Convolutional deep-learning artificial neural networks

For Russian citation (Opticheskii Zhurnal):

Луцив В.Р. Сверточные искусственные нейронные сети глубокого обучения // Оптический журнал. 2015. Т. 82. № 8. С. 11–23.

 

Lutsiv V.R. Convolutional deep-learning artificial neural networks [in Russian] // Opticheskii Zhurnal. 2015. V. 82. № 8. P. 11–23.

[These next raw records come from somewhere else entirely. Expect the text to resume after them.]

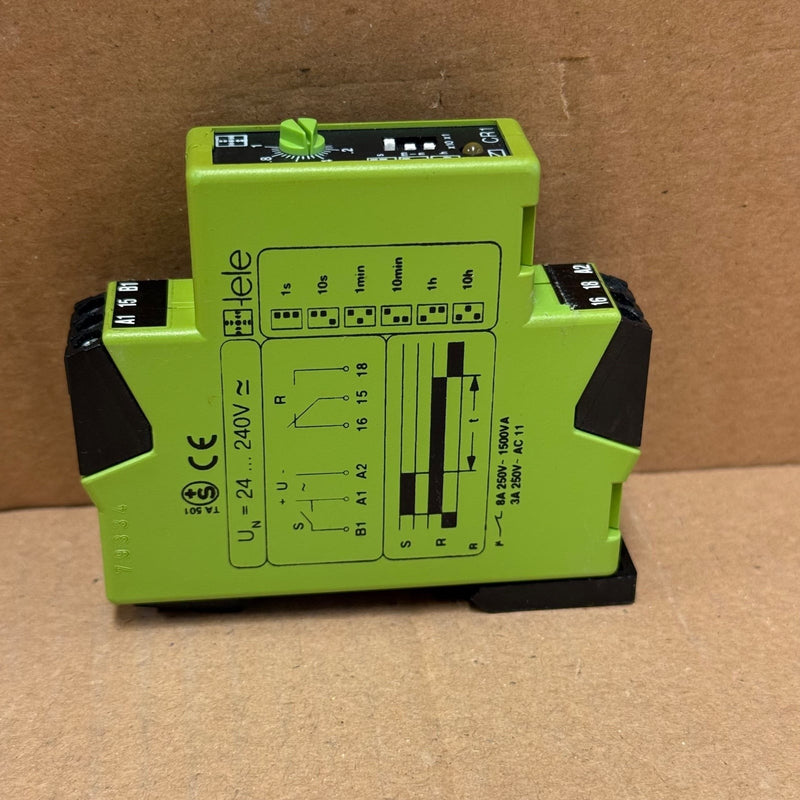 Tele Haase – CR1 – Multifunction Time Relay Module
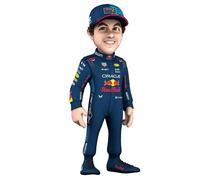 Figurine Minix Formule 1 Checo Perez Minix Bleu 12 cm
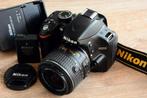 Nikon D3200 met 18-55mm VR kitlens ALS NIEUW 5334 clicks!, Audio, Tv en Foto, Fotocamera's Digitaal, Spiegelreflex, Ophalen of Verzenden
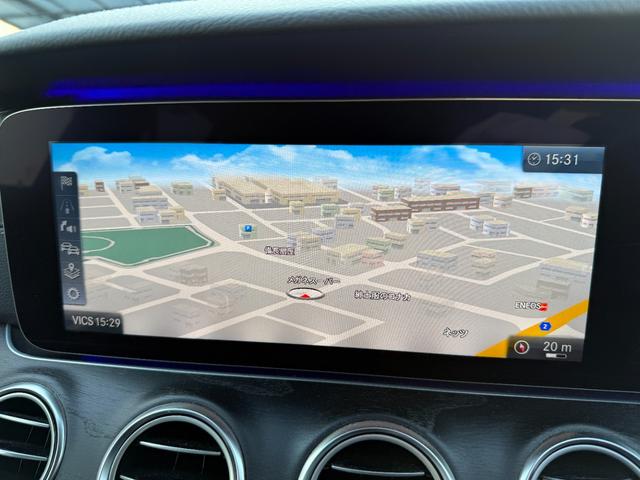 Ｅクラスステーションワゴン Ｅ２２０ｄステションワゴンアバンＧスポツ（本革仕様）　レザーＰＫＧ　レーダーセーフティＰＫＧ　エアーバランスＰＫＧ　Ｂｕｒｍｅｓｔｅｒサウンド　３６０カメラ　ＬＥＤヘッドライト　アンビエントライト　アトマイザー　クリアランスソナー　スマートキー（13枚目）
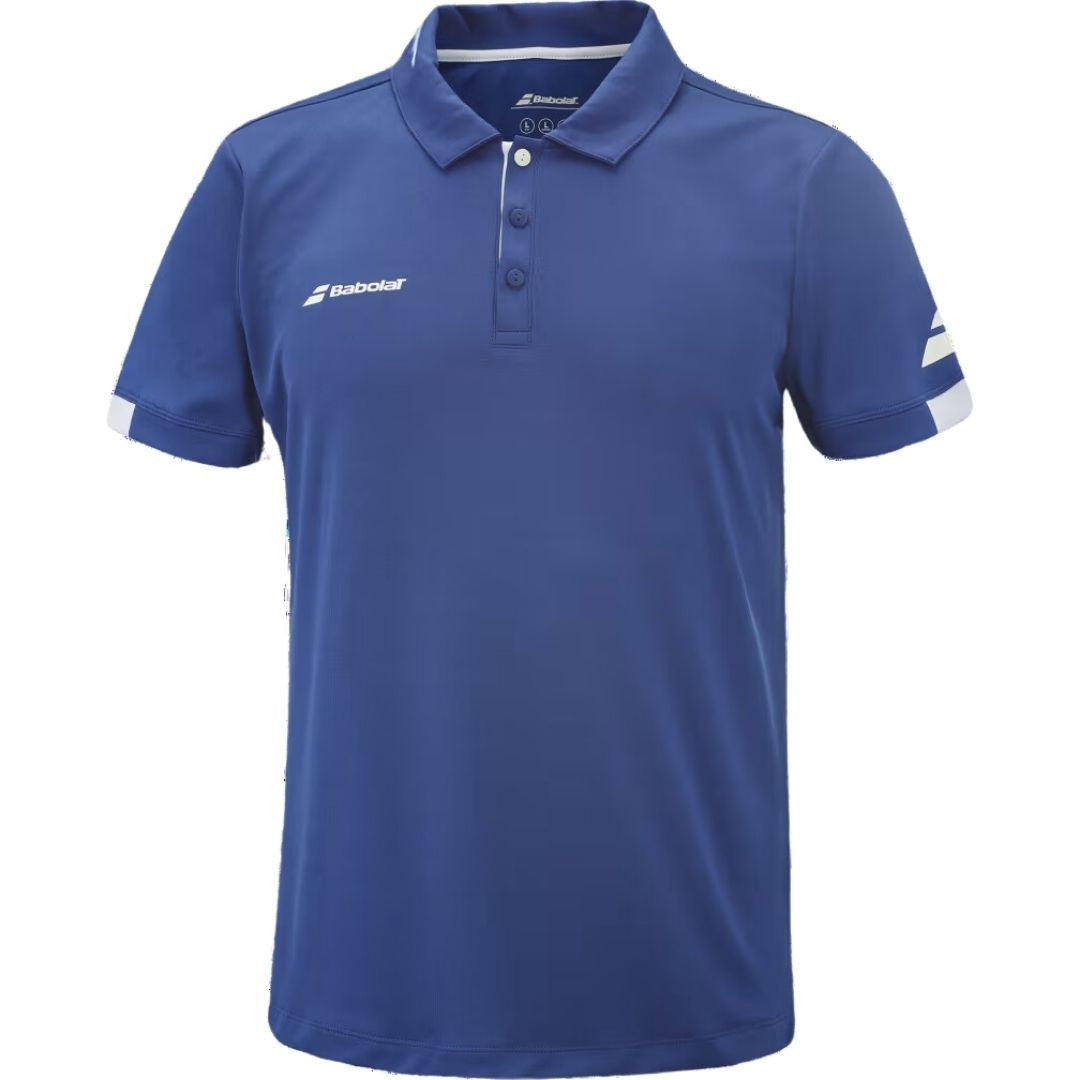 Polera Babolat Play Polo Celeste
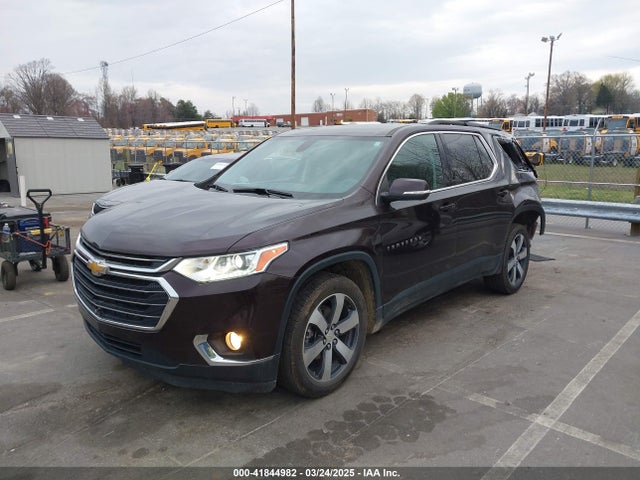 1GNEVHKW4MJ211443 Chevrolet Traverse Awd Lt Leather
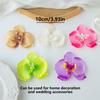 5/10pcs Silk Artificial Simulation Flower Moth Orchid Home Vase Outdoor Garden Wedding Decor DIY Gift Christmas Wreath Festival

For citation (Journal of Optical Technology):

V. P. Lutsiv, "Convolutional deep-learning artificial neural networks," Journal of Optical Technology. 82(8), 499-508 (2015). https://doi.org/10.1364/JOT.82.000499

Abstract:

This paper discusses the history of the appearance and development of the concept of convolutional artificial neural networks, which, because they use a learning technology based on back-propagation of the error signal, have become one of the most efficient tools of automatic image classification. Along with the possibilities of modern convolutional neural networks in the area of shape classification of objects, the features of their use in analyzing the information of other hierarchical levels have also been analyzed—from the classification of textures to the structural decomposition of images, based on the formation of attention zones. Convolutional networks are considered in close association with a description of their natural analogs, found in the neural ensembles of living visual systems.

Keywords:

artificial neural network, convolutional network, deep-learning network, image classification, structural analysis

Acknowledgements:

This work was carried out with the support of the Ministry of Education and Science of the Russian Federation and with the partial state support of the leading universities of the Russian Federation (Subsidy 074-U01).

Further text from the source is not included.